I thought about that too, so I Googled photos of real PT Cruisers. Much to my surprise, they didn't show any "radial bulge" either; I guess they're very light cars.


----------



## yamahog (Nov 19, 1998)

Having driven and ridden in one, I can say with complete authority that PT Cruisers are real cars.


----------



## MadCap Romanian (Oct 29, 2005)

It's a model. A Revell snap kit.


----------



## StarshipClass (Aug 13, 2003)

Zombie_61 said:


> I thought about that too, so I Googled photos of real PT Cruisers. Much to my surprise, they didn't show any "radial bulge" either; I guess they're very light cars.



All those photos are really of *models* of PT Cruisers. 

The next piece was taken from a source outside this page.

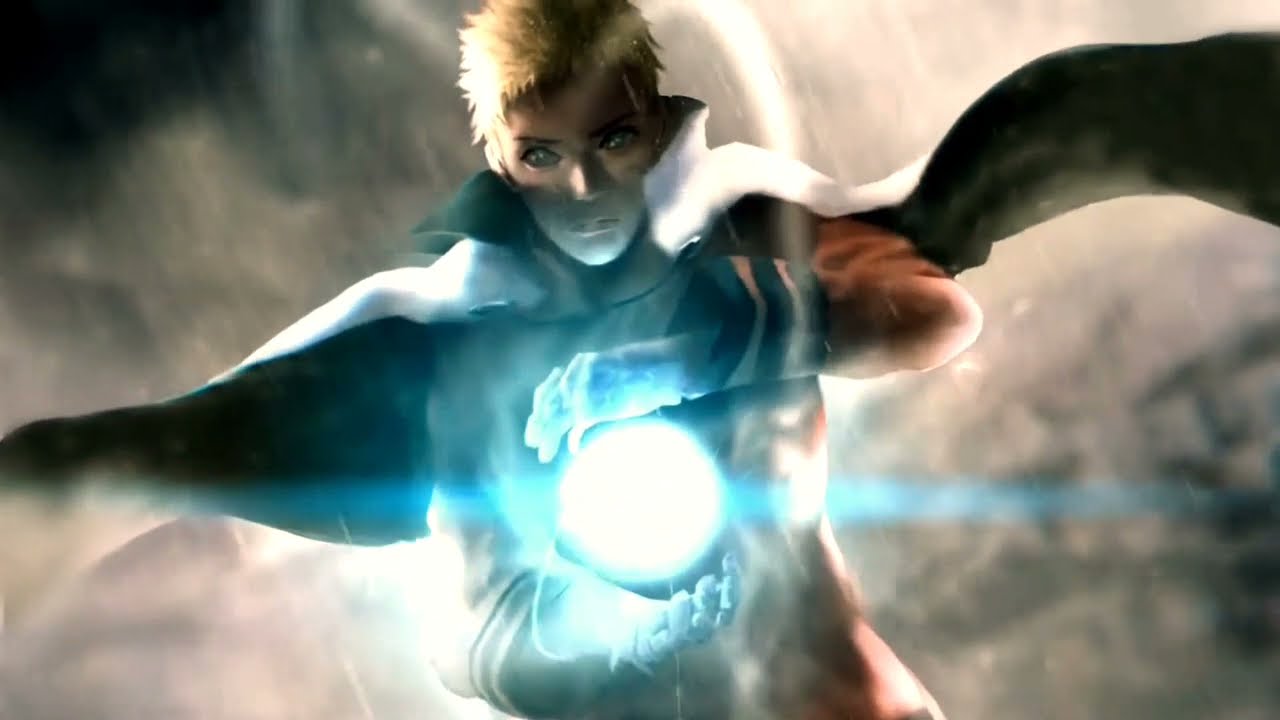 [Nightcore] - Preliator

I'll grant you there's not much on the type tires as on the model by Madcap and there's none really visible on the newer style wide rim thin tires. There's still a detectable flattening effect against the ground on both, however.


----------



## Zombie_61 (Apr 21, 2004)

MadCap Romanian said:


> It's a model. A Revell snap kit.


For a snap kit, it sure looks convincing. Nice work MadCap! :thumbsup:


----------



## terryr (Feb 11, 2001)

Nobody has a garage that clean.


----------



## Lloyd Collins (Sep 25, 2004)

MadCap Romanian said:


> It's a model. A Revell snap kit.


I bet your name ain't real! :freak:


----------



## beck (Oct 22, 2003)

a snap kit !!! wow . i'd have guessed it was a model but i sure would not have thought it a snap kit . 
nice work MCR ! 
hb


----------



## MadCap Romanian (Oct 29, 2005)

Revel Wheels of Fire kit. I used a lot of Chrysler promo material from the dealership to get the paint job right and the emblems to look like the real ones. Even the interior is a correct match.


----------



## StarshipClass (Aug 13, 2003)

MadCap Romanian said:


> Revel Wheels of Fire kit. I used a lot of Chrysler promo material from the dealership to get the paint job right and the emblems to look like the real ones. Even the interior is a correct match.


The interior looks like it's out of an ad for the vehicle. You nailed the color AND texture for the scale. :thumbsup:


----------



## Y3a (Jan 18, 2001)

No deformation of an air filled tire supporting weight...


MODEL.


----------



## yamahog (Nov 19, 1998)

*"It's a model. A Revell snap kit."*

The picture, or what I've been ridin' around in?


----------